Die Innenministerin will Rechtsextremisten zudem konsequent Waffen entziehen. Sie verwies auf ihre bereits vor einem Jahr vorgelegte Reform des Waffenrechts. Demnach könne die Mitgliedschaft in einer Organisation, die vom Verfassungsschutz als Verdachtsfall geführt werde, bereits zum Entzug der waffenrechtlichen Erlaubnis führen, betonte Faeser. Sie forderte nun eine Verabschiedung im Parlament.

Darüber hinaus soll der Verfassungsschutz verstärkt örtliche Polizei-, Ordnungs- und Gewerbeaufsichtsbehörden über Erkenntnisse zu Rechtsextremisten informieren. Damit sollen etwa rechtsextreme Veranstaltungen konsequenter untersagt werden.

Auch die grenzüberschreitende Vernetzung von Rechtsextremisten soll stärker gestört werden: Zusammen mit den Landesbehörden sollten deshalb Ein- und Ausreisen von Rechtsextremen so weit wie möglich verhindert werden, sagte die Innenministerin.

Konsequent angewendet werden müsse auch die ab dem 1. April geltende Verschärfung des Disziplinarrechts des Bundes zur Entfernung von Extremisten aus dem öffentlichen Dienst. Amts- und Mandatsträger, die Ziel von Anfeindungen und Angriffen sind, sollen zudem stärker unterstützt werden. Dazu wird gerade eine Ansprechstelle aufgebaut.

Verstärkt soll zudem gegen ausländische Desinformation vorgegangen werden. Denn deren Urheber teilten mit Rechtsextremen das Ziel, das Vertrauen in die Stabilität und Handlungsfähigkeit des Staates zu untergraben, heißt es in Faesers Maßnahmenkatalog. Ihr Ministerium baut nun eine Früherkennungseinheit auf, die Kampagnen bereits im Vorfeld identifizieren soll, damit sie unterbunden werden können.

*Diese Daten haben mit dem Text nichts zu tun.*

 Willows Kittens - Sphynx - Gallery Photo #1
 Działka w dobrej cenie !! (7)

Zusätzliche Punkte sind die Prüfung weiterer Vereinsverbote, der Ausbau der Zentralen Meldestelle für strafbare Inhalte im Internet beim Bundeskriminalamt und die Stärkung der Demokratieförderung. Faeser forderte hier möglichst bald die Verabschiedung des bereits Ende 2022 im Kabinett beschlossenen Demokratiefördergesetzes, mit dem die finanzielle Unterstützung von Organisationen in diesem Bereich verstetigt werden soll. Die FDP hat dagegen aber Vorbehalte.

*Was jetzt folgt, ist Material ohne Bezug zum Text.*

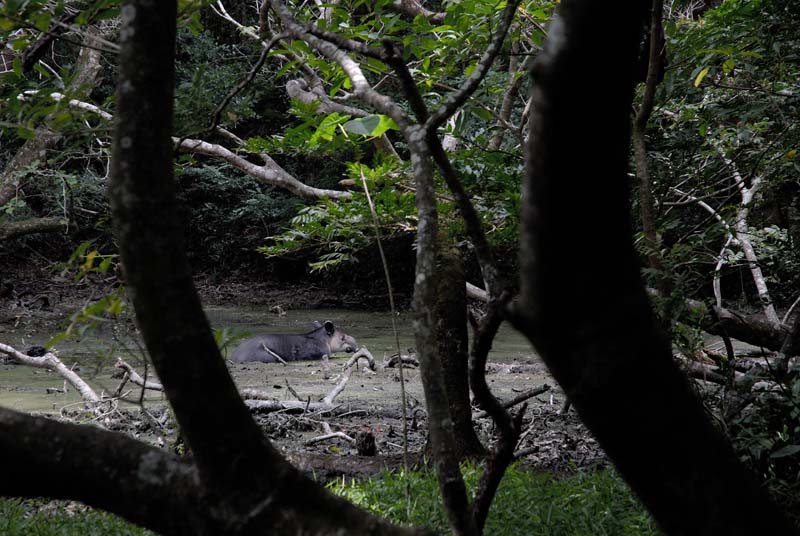 1615_CostaRica_Rincon_de_la_Viejas_tapir_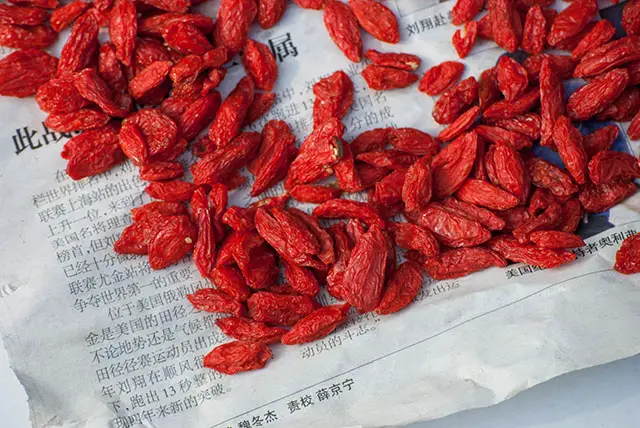 Goji Berry For Abortion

Der innenpolitischen Sprecher der CDU/CSU-Bundestagsfraktion, Alexander Throm, nannte Faesers Paket "ein Tropfen auf den heißen Stein". Es fehle etwa die IP-Adressenspeicherung, um besser gegen Täter im Internet vorzugehen. Throm warf Faeser zudem vor, sie vernachlässige beim Vorgehen gegen Finanzströme den islamistischen Extremismus. Laut Bundesinnenministerium würde die geplante Verschärfung im Bundesverfassungsschutzgesetz aber genauso für diesen Bereich gelten wie für Rechtsextremismus.